One industry representative at last month’s committee meeting also expressed doubts about the applicability of planetary protection requirements to commercial missions. “I think the general sense is that the requirements may not enable commercialization, especially in a human spaceflight context at Mars,” said Ryan Noble of Bigelow Aerospace, chair of the Commercial Spaceflight Federation’s regulatory committee.

Noble said he couldn’t offer specific details about where planetary protection requirements might clash with commercial missions. “The sense of industry is that the current planetary protection requirements for Mars are not set up to enable commercialization, particularly with commercial human spaceflight,” he said.

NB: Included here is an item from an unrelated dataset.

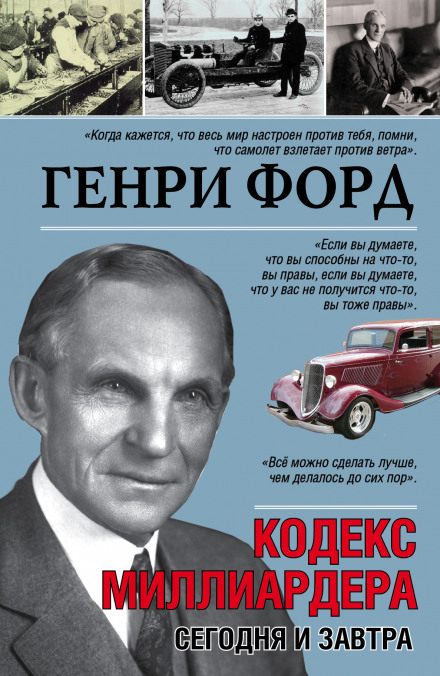 Сьогодні і завтра. Кодекс мільярдера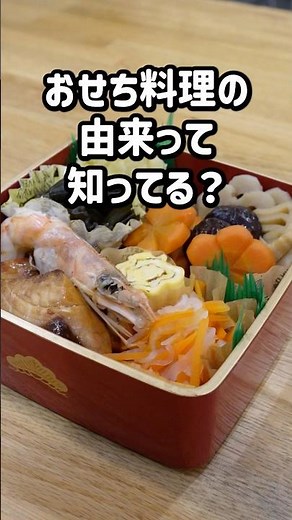 【おせちの豆知識】おせち料理の由来って知ってる？#お正月 #おせち #伝統行事 #おせちレシピ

Noble did say he recommended performance-based standards for planetary protection, rather than stipulating specific processes or procedures for achieving planetary protection requirements, giving companies and organizations the flexibility to find ways to best meet those standards.

Those issues are on NASA’s radar. At the end of a House Science Committee space subcommittee hearing last week on NASA’s fiscal year 2018 budget request, subcommittee chairman Rep. Brian Babin (R-TX) asked NASA acting administrator Robert Lightfoot if NASA should be “responsible for regulating private sector planetary protection standards.”

“I think we would like to be engaged in that conversation,” Lightfoot responded. “I think we have some expertise that we can bring to bear there. I don’t see us so much as a regulatory agency as one that should be consulted.”

With a lot of work left to do for that National Academies committee alone—its final report is not due until late next summer—there will be a lot of consultation and discussion about how to carry out planetary protection while still enabling government and commercial missions to Mars and beyond.